Analyzing nested XML manufacturing QA data

Last updated
Save as PDF
Share
1. Share
2. Tweet
3. Share

Manufacturing Quality Assurance (QA) systems generate complex, nested XML data that presents unique challenges for analysis. These XML events can span 5,000 to 10,000 lines, containing both top-level metadata and multiple nested measurement results within a hierarchical structure.
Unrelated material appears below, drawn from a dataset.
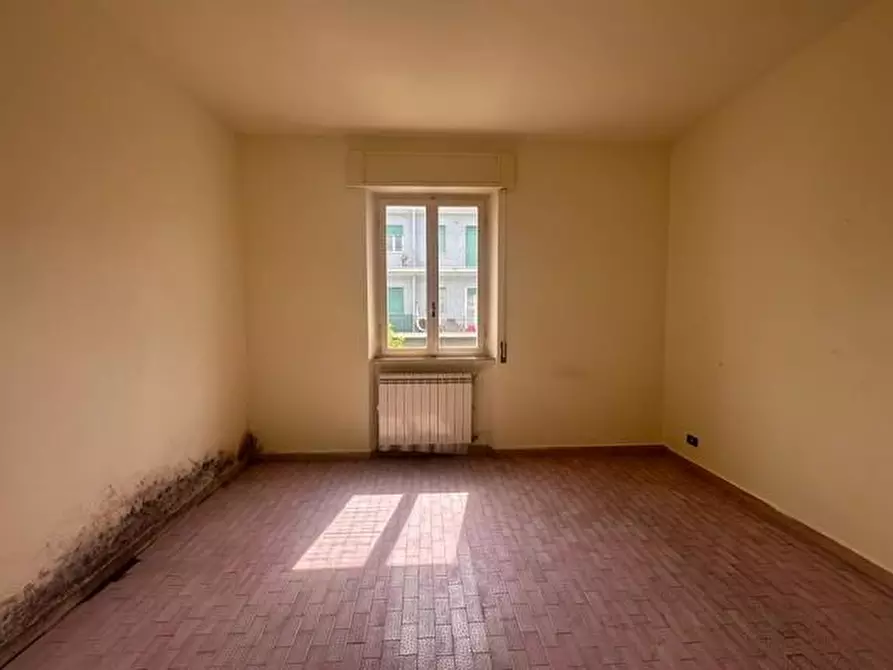 Immagine 19 di Appartamento in vendita  a Pisa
This article shows you how to configure the Splunk platform to ingest, parse, and transform nested manufacturing QA XML data into actionable insights. You'll learn how to handle multi-line XML events that contain both top-level attributes and repeating nested measurement blocks, then flatten this structure. This enables detailed analysis of individual measurements, correlation with test sessions and station identifiers, and comprehensive QA performance monitoring.

Data required

Operational technology data

About QA XML data formatting

Manufacturing QA test results arrive as single, long multi-line XML events, each representing a complete test session. These events typically span 5,000 to 10,000 lines and are characterized by:

Top-level data attributes: XML elements containing overall test session information (for example, test run identifiers, dates, session IDs). These serve as metadata for the test session.
Multiple nested measurement instances: Individual test measurement results embedded within <Measurement> tags, each containing its own set of attributes such as designator, measurement ID, value, and status. The number of instances varies by product, creating a hierarchical structure beneath the top-level attributes.

Sample data structure

<IPC2547Event>
  <ProcessSessionStart sessionId="SESSION-2024-001">
    <Entity stationId="ST-001"/>
  </ProcessSessionStart>
  <ItemProcessStatus>
    <ItemEventCount eventType="QA-TEST"/>
  </ItemProcessStatus>
  <Measurements>
    <Measurement>
      <designator>R101</designator>
      <measurementId>M001</measurementId>
      <value>85.3</value>
      <units>um</units>
      <type>DX</type>
      <status>PASS</status>
    </Measurement>
    <Measurement>
      <designator>C201</designator>
      <measurementId>M002</measurementId>
      <value>63.1</value>
      <units>um</units>
      <type>DY</type>
      <status>PASS</status>
    </Measurement>
  </Measurements>
</IPC2547Event>

The challenge lies in extracting these nested measurement blocks as individual records while preserving their relationship to the parent session context.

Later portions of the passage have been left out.